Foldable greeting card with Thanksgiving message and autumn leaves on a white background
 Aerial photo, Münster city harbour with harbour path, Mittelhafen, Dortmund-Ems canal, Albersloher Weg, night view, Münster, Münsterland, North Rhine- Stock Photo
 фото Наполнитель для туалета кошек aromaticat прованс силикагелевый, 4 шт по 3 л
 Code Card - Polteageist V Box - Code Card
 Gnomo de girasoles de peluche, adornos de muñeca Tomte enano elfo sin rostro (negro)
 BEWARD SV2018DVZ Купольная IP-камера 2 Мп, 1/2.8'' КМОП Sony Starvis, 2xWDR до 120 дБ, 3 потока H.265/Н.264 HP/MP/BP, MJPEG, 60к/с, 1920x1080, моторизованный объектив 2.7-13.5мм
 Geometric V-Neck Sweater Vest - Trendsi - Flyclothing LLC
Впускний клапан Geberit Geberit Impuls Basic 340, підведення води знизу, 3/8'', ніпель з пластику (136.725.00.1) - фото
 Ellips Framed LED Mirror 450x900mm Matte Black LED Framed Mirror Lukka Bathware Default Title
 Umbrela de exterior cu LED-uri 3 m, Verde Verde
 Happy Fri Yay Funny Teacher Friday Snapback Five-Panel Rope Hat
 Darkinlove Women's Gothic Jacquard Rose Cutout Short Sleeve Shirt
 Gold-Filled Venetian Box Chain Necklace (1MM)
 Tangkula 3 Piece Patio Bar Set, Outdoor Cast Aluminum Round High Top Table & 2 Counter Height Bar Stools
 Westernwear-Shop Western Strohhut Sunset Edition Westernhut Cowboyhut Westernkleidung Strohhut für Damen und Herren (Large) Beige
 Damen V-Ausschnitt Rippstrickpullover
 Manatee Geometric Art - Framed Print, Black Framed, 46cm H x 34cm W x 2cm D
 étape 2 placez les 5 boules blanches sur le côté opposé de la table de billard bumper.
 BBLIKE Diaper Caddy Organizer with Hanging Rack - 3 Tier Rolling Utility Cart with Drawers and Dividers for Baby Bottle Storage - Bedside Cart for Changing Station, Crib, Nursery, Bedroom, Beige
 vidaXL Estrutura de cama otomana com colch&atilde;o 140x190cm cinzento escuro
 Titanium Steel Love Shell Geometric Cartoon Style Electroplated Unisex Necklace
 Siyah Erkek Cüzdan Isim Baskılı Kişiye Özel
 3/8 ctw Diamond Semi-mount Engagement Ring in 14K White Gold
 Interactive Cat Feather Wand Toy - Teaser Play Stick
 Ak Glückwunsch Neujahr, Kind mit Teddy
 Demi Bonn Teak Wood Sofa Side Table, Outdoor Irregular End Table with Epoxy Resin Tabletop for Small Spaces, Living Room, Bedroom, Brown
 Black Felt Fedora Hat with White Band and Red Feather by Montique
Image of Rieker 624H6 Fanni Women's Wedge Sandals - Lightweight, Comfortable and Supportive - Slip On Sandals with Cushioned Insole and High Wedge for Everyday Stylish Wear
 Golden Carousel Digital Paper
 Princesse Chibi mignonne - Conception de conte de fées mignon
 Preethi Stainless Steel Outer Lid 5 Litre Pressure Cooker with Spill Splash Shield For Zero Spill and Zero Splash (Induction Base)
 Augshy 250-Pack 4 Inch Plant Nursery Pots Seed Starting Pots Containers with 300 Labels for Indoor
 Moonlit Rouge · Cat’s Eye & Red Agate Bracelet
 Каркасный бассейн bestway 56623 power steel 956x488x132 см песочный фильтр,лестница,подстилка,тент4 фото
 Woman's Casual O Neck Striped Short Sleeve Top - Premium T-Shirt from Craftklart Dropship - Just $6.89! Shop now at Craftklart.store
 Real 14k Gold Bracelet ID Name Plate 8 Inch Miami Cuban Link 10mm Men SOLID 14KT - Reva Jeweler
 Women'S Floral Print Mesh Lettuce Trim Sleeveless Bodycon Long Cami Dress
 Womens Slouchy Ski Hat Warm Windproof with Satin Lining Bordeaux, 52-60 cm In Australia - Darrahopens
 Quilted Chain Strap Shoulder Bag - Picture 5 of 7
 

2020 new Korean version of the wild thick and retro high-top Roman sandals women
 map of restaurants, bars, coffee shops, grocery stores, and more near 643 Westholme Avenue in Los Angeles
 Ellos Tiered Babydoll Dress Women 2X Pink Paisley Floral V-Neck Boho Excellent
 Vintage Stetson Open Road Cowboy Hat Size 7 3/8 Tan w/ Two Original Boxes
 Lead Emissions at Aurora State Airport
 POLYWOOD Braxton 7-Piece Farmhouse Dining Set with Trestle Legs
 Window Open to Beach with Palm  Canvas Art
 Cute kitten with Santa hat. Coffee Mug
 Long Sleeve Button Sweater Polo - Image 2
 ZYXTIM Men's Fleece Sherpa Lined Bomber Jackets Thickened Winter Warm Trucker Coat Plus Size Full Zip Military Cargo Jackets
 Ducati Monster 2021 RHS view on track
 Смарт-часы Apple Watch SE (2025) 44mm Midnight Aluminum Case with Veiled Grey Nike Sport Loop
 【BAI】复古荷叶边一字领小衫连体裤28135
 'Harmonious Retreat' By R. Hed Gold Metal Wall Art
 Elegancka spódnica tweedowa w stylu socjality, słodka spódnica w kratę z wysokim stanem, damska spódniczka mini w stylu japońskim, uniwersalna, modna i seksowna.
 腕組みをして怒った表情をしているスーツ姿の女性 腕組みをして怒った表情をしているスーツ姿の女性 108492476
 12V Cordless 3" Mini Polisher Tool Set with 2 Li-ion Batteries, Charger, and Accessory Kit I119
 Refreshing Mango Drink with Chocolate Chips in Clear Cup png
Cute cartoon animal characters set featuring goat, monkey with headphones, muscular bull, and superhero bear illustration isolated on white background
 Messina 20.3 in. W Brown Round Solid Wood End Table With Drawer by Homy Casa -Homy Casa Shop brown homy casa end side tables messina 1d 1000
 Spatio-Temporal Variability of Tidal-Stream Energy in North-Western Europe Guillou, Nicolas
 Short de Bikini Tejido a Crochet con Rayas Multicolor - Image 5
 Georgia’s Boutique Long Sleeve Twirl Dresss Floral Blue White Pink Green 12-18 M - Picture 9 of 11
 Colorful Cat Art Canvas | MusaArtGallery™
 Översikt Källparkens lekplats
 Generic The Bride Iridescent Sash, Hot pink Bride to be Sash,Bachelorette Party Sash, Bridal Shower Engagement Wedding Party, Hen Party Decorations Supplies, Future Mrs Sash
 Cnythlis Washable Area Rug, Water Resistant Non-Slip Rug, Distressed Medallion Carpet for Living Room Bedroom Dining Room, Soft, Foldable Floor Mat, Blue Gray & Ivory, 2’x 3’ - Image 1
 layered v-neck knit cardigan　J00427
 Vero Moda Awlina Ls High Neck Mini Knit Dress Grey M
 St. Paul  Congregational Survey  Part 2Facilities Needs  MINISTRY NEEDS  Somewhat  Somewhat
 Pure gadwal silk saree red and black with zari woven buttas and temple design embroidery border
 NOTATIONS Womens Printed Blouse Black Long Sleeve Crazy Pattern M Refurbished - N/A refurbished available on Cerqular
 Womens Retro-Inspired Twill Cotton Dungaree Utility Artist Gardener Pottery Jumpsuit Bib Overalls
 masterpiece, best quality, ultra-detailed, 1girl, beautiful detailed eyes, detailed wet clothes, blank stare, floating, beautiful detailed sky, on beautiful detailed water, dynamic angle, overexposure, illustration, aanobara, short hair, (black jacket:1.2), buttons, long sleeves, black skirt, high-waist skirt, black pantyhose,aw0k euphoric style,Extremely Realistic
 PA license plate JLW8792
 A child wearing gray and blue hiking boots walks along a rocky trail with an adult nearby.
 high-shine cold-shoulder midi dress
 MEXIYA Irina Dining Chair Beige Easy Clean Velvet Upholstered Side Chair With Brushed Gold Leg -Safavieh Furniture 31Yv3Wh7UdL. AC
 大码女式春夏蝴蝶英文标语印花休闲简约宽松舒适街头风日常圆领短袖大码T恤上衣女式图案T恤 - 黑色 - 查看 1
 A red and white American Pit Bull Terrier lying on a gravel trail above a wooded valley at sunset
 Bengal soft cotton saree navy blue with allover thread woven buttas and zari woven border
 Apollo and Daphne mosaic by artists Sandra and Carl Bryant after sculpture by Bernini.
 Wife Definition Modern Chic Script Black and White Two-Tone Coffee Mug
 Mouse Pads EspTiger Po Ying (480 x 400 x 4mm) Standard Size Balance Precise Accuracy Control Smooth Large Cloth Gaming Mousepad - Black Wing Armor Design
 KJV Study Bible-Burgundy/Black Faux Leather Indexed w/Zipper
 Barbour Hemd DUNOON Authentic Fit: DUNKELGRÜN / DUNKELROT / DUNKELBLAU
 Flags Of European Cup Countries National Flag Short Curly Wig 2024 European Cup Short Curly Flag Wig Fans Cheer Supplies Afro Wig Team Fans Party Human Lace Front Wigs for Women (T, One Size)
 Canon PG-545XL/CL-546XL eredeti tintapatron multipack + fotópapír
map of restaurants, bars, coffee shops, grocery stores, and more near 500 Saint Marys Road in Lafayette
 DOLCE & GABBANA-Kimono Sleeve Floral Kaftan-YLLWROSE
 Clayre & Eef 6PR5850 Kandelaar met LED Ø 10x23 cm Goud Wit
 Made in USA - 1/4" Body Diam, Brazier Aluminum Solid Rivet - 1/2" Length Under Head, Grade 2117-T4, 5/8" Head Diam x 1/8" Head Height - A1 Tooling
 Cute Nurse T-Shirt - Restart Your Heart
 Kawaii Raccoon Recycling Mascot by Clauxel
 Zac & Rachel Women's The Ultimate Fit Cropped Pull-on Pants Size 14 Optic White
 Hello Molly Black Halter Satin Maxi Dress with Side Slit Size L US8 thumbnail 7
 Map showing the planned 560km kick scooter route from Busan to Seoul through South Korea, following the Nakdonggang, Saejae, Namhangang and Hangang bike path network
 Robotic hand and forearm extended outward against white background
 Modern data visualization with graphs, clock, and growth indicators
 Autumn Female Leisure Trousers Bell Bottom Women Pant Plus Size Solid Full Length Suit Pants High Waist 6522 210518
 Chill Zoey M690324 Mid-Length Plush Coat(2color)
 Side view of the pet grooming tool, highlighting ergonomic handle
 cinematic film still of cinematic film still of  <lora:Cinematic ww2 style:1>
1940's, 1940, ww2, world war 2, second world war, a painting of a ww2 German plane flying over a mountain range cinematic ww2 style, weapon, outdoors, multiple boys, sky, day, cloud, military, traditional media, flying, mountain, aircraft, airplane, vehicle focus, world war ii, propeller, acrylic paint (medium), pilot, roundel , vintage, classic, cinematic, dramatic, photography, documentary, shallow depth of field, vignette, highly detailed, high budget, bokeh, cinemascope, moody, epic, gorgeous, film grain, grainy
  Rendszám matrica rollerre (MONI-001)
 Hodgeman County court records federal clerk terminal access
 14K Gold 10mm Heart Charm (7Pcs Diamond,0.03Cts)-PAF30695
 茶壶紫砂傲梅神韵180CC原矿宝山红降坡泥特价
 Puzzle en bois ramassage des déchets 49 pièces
***
▶ [YOUR ASSIGNMENT]
Retype, without any change, every line from the one with "Hodgeman County court" to the bottom of the listing.

▶ [SOLUTION TO THE EXERCISE]
 Hodgeman County court records federal clerk terminal access
 14K Gold 10mm Heart Charm (7Pcs Diamond,0.03Cts)-PAF30695
 茶壶紫砂傲梅神韵180CC原矿宝山红降坡泥特价
 Puzzle en bois ramassage des déchets 49 pièces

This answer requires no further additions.